Złoty osłabiał się w środę wskutek niepewności politycznej i oddalającej się perspektywy przyjęcia w Polsce euro. W połączeniu z silnie umacniającym się dolarem doprowadziło to w ciągu dnia kurs polskiej waluty wobec dolara do poziomu 4,007, najwyższego od 7 listopada. O godz. 17.10 euro było wyceniane na 4,762 zł, o 1,2 grosza więcej niż we wtorek na zamknięciu. Dolar kosztował 3,999 zł, o 1,9 grosza więcej.

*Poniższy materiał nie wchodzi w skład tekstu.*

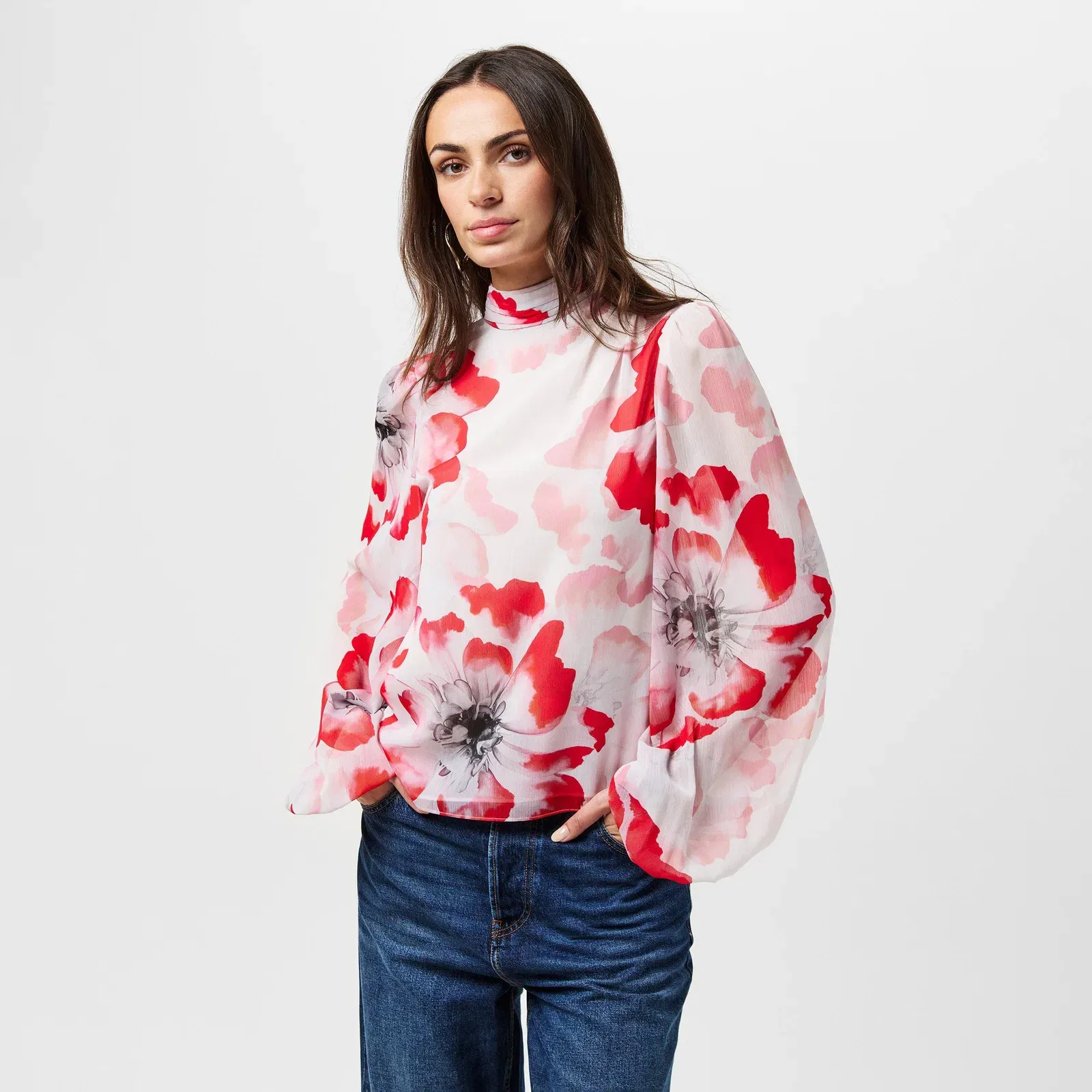 Ladon Tie Neck Blouse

Nie dość, że sytuacja na krajowej scenie politycznej jest napięta do granic możliwości, a realizacja planu Hausnera jest coraz mniej prawdopodobna, to coraz szerzej i głośniej mówi się o tym, że termin wejścia Polski do strefy euro oddala się wielkimi krokami – napisał w codziennym komentarzu Marek Nienałtowski, analityk WGI. W środę Anna Bańkowska, poseł Socjaldemokracji Polskiej powiedziała, że jej partia nie zgadza się na zmianę zasad waloryzacji w kształcie przyjętym przez rząd i proponuje waloryzację nie rzadziej niż co dwa lata oraz możliwość negocjowania wzrostu wskaźnika także o realny wzrost płac.

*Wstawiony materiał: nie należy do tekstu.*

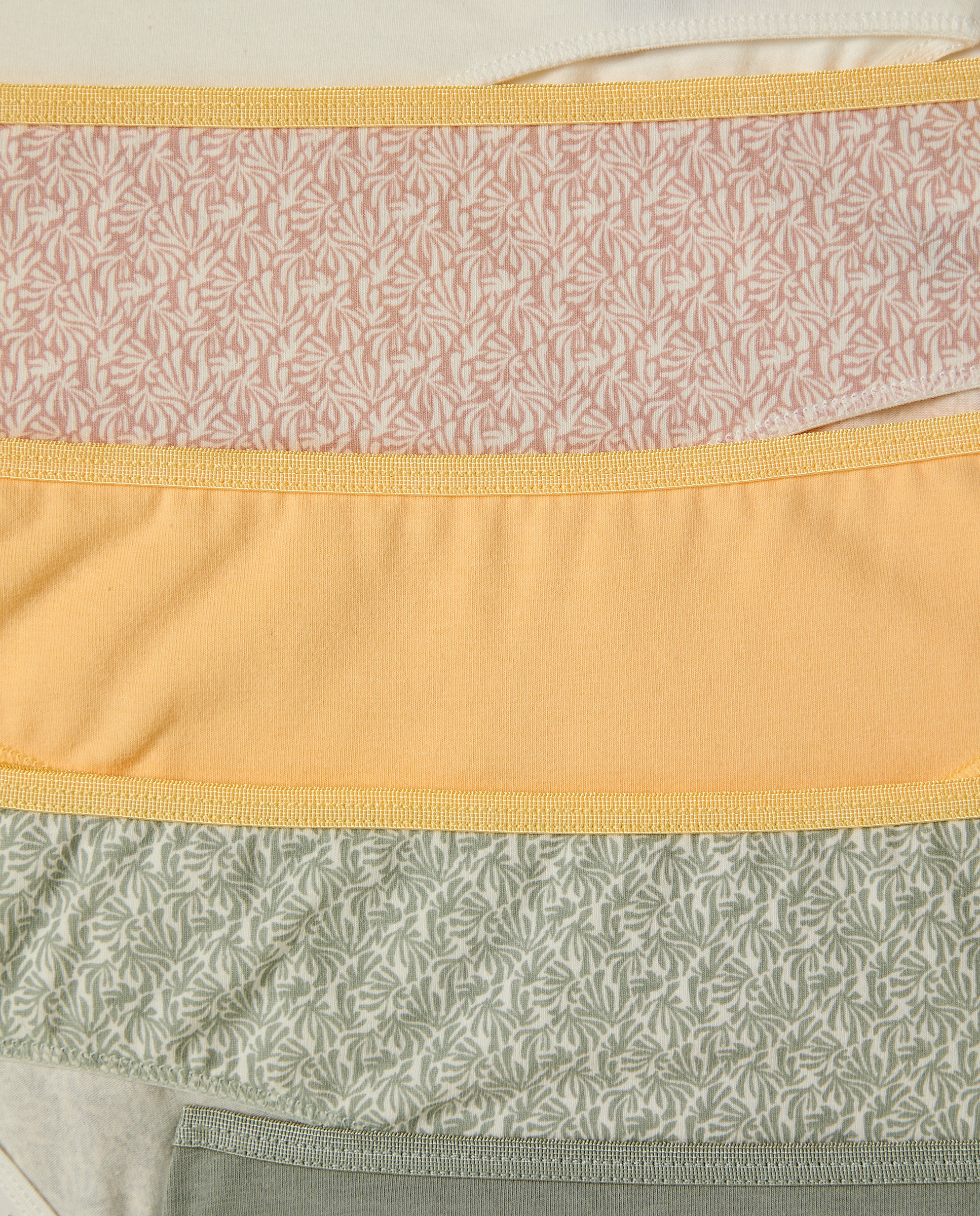 Pack 5 braga bikini algodón estampadas Amarillo-4
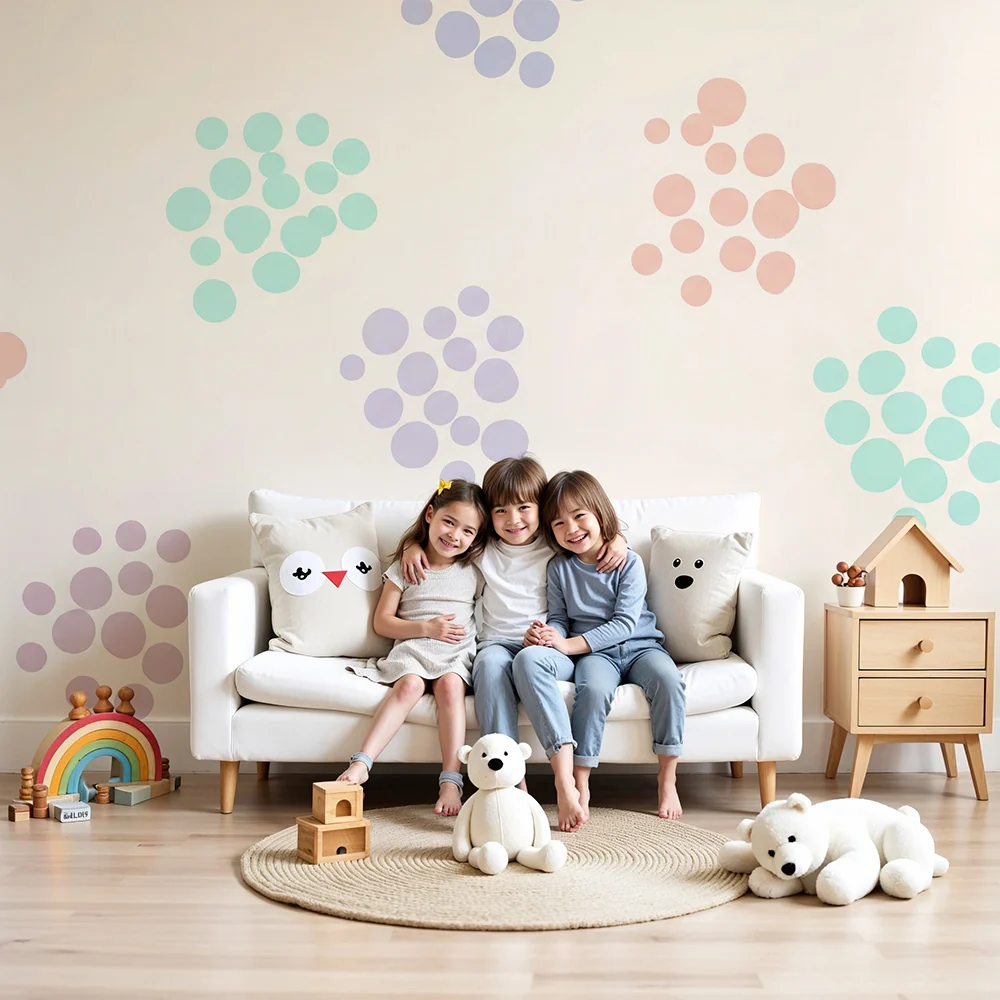 Nursery room wallpaper | Pasztell buborék minták puha háttéren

Wicepremier Hausner proponował, aby waloryzacja następowała w momencie, kiedy skumulowana inflacja przekroczy 5 proc. Wprowadzenie tej reguły miało dać do 2007 roku oszczędności rzędu 12 mld zł. Leszek Balcerowicz, prezes NBP, powiedział w środę, że zakładany wcześniej przez niego termin przyjęcia euro, czyli styczeń 2007 roku może stać się nierealny w obliczu niepewności fiskalnej.
Również raport agencji ratingowej Standard and Poor's jest pod tym względem pesymistyczny. Według analityków S&P Polska może przyjąć euro w 2010 roku, jako ostatni oprócz Czech kraj z przystępującej do UE dziesiątki. Nienałtowski oczekuje, z powodu nerwowej atmosfery wśród inwestorów, dalszego osłabiania się polskiej waluty.
Na rynku złotego cały czas utrzymuje się bardzo nerwowa atmosfera. Nasza waluta traci na wartości i wszystko wskazuje na to, że proces ten może być kontynuowany w najbliższym okresie – napisał. Na notowania złotego wpłynęło również silne umocnienie dolara, po danych makro przybliżających perspektywę podwyższenia stóp procentowych w USA. Inflacja w marcu wyniosła w Stanach Zjednoczonych 0,5 proc. i była wyższa niż prognozowane na rynku 0,3 proc. Z kolei deficyt handlowy w lutym spadł do 42,09 mld dolarów z 43,46 mld dolarów po rewizji w styczniu.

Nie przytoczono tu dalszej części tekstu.